A Comissão Europeia divulgou detalhes do que efetivamente deve ser o primeiro imposto de importação sobre carbono —ou mecanismo de ajuste de carbono na fronteira, no jargão. No universo de iniciativas já adotadas para combater mudanças climáticas, trata-se, de longe, da medida com maior impacto comercial sobre terceiros países. E vem da UE, que, como bloco, é uma das três maiores potências comerciais do mundo.
Eis a motivação apresentada pelos europeus: empresas têm optado por produzir em países com exigências ambientais mais frouxas e então exportam para o bloco. Além de provocar uma competição injusta, a prática —apelidada de vazamento de carbono— mina os esforços para redução de CO₂ no plano global.
Eis o que irrita o resto do mundo: cá estão os europeus novamente dizendo como os demais devem se portar. Se não seguirem a cartilha europeia, pagarão mais caro para acessar o mercado do bloco.
Isso porque, habilmente, a Comissão previu na sua proposta a possibilidade de reconhecer esforços climáticos de outros países, podendo, nessa base, criar exceções ao tal imposto de importação. Com isso, convida —ou convoca— parceiros comerciais a virem à mesa negociar. Mas não em condições de igualdade. A UE é parte interessada e juíza nesse processo, avaliando ela mesma as medidas climáticas dos demais. Difícil para o resto do mundo engolir. O efeito Bruxelas embute, assim, o defeito Bruxelas. Muitos se sentem acuados pelo modus operandi europeu.

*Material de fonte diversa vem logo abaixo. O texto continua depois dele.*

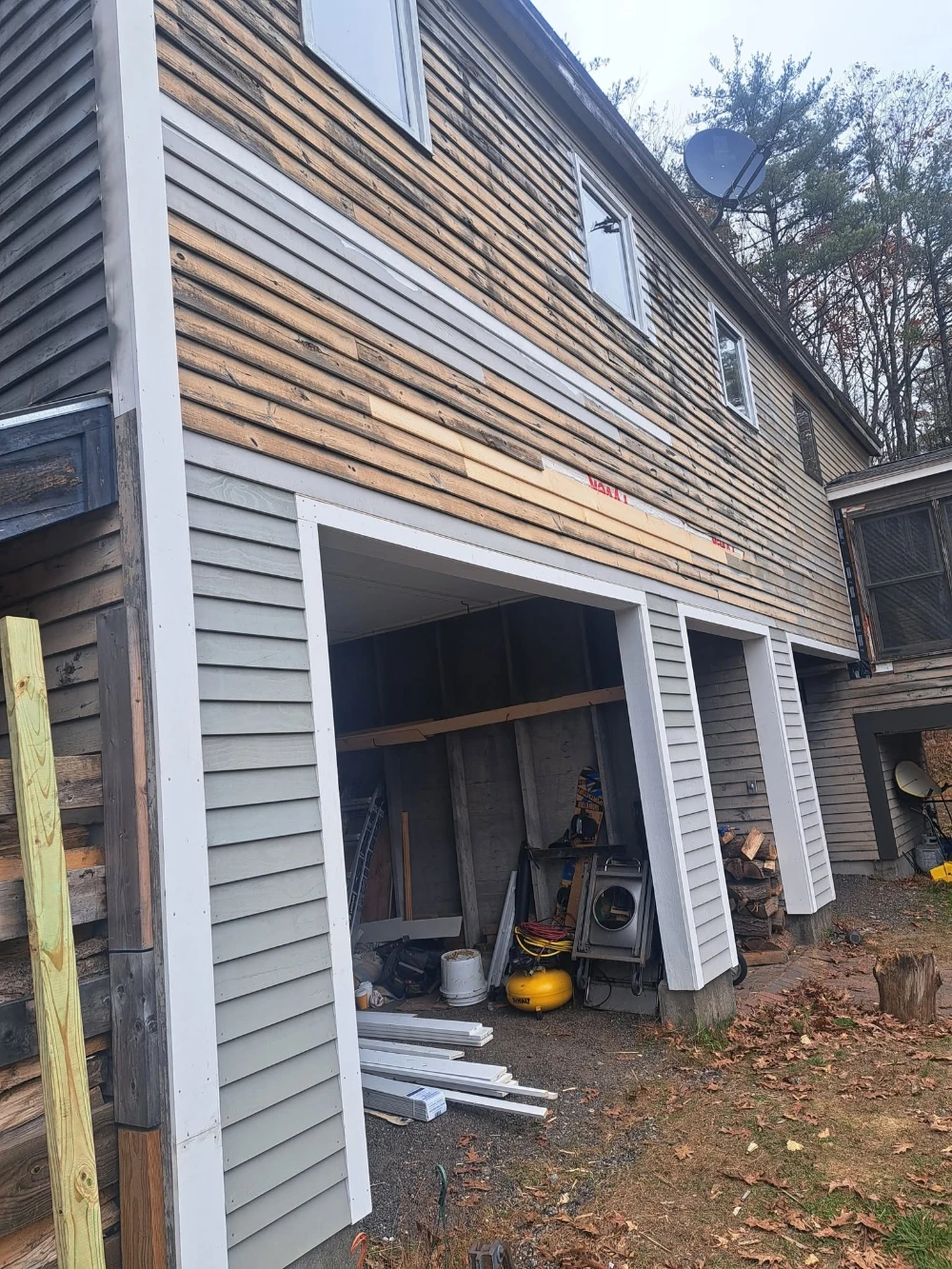New siding installation in progress in Southern New Hampshire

Além do mais, os parceiros comerciais da UE se queixam de não ter havido diálogo suficiente. Suspeitam que, sob o argumento climático legítimo, interesses protecionistas europeus possam encontrar abrigo.
Bruxelas, compreensivelmente, alega não poder esperar um alinhamento dos astros para combater mudanças climáticas. Ao mesmo tempo, espera que os demais países se adaptem às novidades e, idealmente, inspirem-se nas políticas ambientais europeias.
Apesar do desconforto que provoca entre seus parceiros comerciais, a medida da UE tem o potencial de servir a uma grande causa. Isso porque a taxa de carbono é um enorme bode na sala de discussão sobre clima, competitividade e comércio internacional. E como agora é impossível ignorar o animal, talvez os europeus tenham criado os incentivos para que, finalmente, haja uma discussão séria sobre o tema, seja na Organização Mundial do Comércio, no G20 ou onde for.
E antes que isso pareça um delírio, vale lembrar que, até pouquíssimo tempo, a ideia de um imposto global sobre multinacionais soava como tal. Um dos grandes gatilhos para a discussão foi a proposta de uma taxa digital, anunciada pelos europeus. A taxa, claro, teria impacto especialmente grande sobre multinacionais de tecnologia. Para tirar da sala o bode —ou a taxa digital—, os países decidiram, para valer, discutir regras para que multinacionais paguem mais impostos.
Não seria um resultado ruim se a taxa de carbono da UE viesse a ser o próximo bode na fila —afinal já passa da hora de uma discussão séria sobre como o comércio internacional pode contribuir para combater mudanças climáticas.